The gold market, often regarded as a safe-haven investment, experienced a roller-coaster ride recently. After reaching weekly highs in Thursday’s deals, gold prices encountered profit booking ahead of the commodity market’s closing bell. The commodity futures contract for August 2023 expiry on the Multi Commodity Exchange (MCX) came close to ₹59,000 per 10 gm levels, erasing the entire weekly gains.
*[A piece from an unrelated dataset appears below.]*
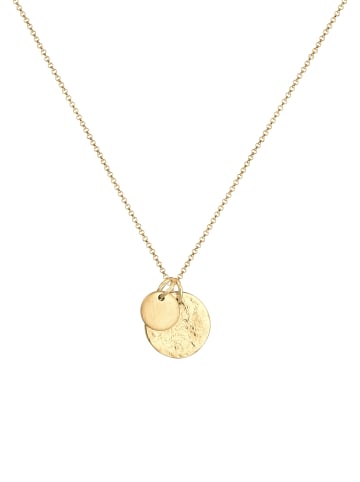 Halskette 925 Sterling Silber Geo, Plättchen in Gold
Meanwhile, in the international market, the yellow metal’s price oscillated around $1,951 per ounce levels, while on MCX, it hovered around ₹59,200 per 10 gm levels.
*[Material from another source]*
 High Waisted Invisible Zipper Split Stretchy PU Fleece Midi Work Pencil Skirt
Factors Behind Gold Price Fluctuations
Experts attribute the retracement of gold and silver prices to the release of upbeat US GDP and jobless claim data. The strong economic data hinted at a robust recovery in the US economy, which led investors to reevaluate their investment strategies.
The international market currently shows the precious metal prices oscillating between $1,935 and $1,985 per ounce in a base-building mode. Experts foresee an economic upturn pressuring prices, possibly leading to a $10 to $15 dip in the global market.
Gold’s Prospects and Support Levels
Despite the short-term dip, market experts remain optimistic about the prospects of the precious metal. The precious metal has historically served as a hedge against inflation and economic uncertainties. Therefore making it an attractive asset for investors during turbulent times.
In conclusion, the gold market’s recent fluctuations have drawn attention to the precious metal’s role as a safe-haven asset amid changing economic conditions. Experts predict a demand rebound for precious metals if attractive support levels are found, despite profit booking post-strong US data. Investors considering the commodity gold, kg of gold price, or 9ct gold per gram price should carefully monitor market developments.